Strom speichern

Pumpspeicher sollen regenerative Stromgewinnung unterstützen

Um die Integration von erneuerbaren Energien voranzutreiben, muss die Speicherkapazität erhöht werden. Hierfür soll künftig unter anderem ein Pumpspeicherwerk im Südschwarzwald zum Einsatz kommen. Die dena befürwortet den Bau des Speichers und erläutert, warum solche Speicher sinnvoll sind.

Stromnetz Ausbau© Gina Sanders / Fotolia.com

Berlin (red) - Deutschland brauche mehr Stromspeicher, so der Geschäftsführer der Deutschen Energie-Agentur GmbH (dena), Stephan Köhler. Denn Wind- und Solaranlagen sind abhängig von der Witterung und erzeugen nicht immer zu dem Zeitpunkt Strom, wenn er benötigt wird. Pumpspeicherwerke seien laut Köhler auf absehbare Zeit die flexibelste, effizienteste und wirtschaftlichste Speicherlösung.

Vorteile des Pumpspeicherwerks Atdorf

Mit einer Leistung von 1400 Magawatt könne das geplante Werk in Atdorf zwischen 2020 und 2030 insgesamt bis zu 3,7 Milliarden Kilowattstunden an überschüssiger Energie zusätzlich nutzbar machen. Das entspricht der Strommenge, die alle Wind- und Solaranlagen in Deutschland im Jahr 2009 erzeugt haben. Das geht aus dem Gutachten der dena hervor.
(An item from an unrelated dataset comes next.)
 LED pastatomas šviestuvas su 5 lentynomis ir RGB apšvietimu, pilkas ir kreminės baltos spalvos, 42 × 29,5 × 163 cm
Pumpspeicherwerke sind besonders flexibel

Überschüssiger Strom wird dafür genutzt, um Wasser in ein höher gelegenes Becken zu pumpen. Wird die Energie wieder gebraucht, kann man sie über eine Turbine wieder in Strom umwandeln und ins Netz einspeisen. Somit lassen sich kurzfristig Schwankungen im Netz ausgleichen. Die dena bewertet den Standort Atdorf als vorteilhaft, weil dadurch Netzengpässe im Süden des Landes gedeckt werden könnten.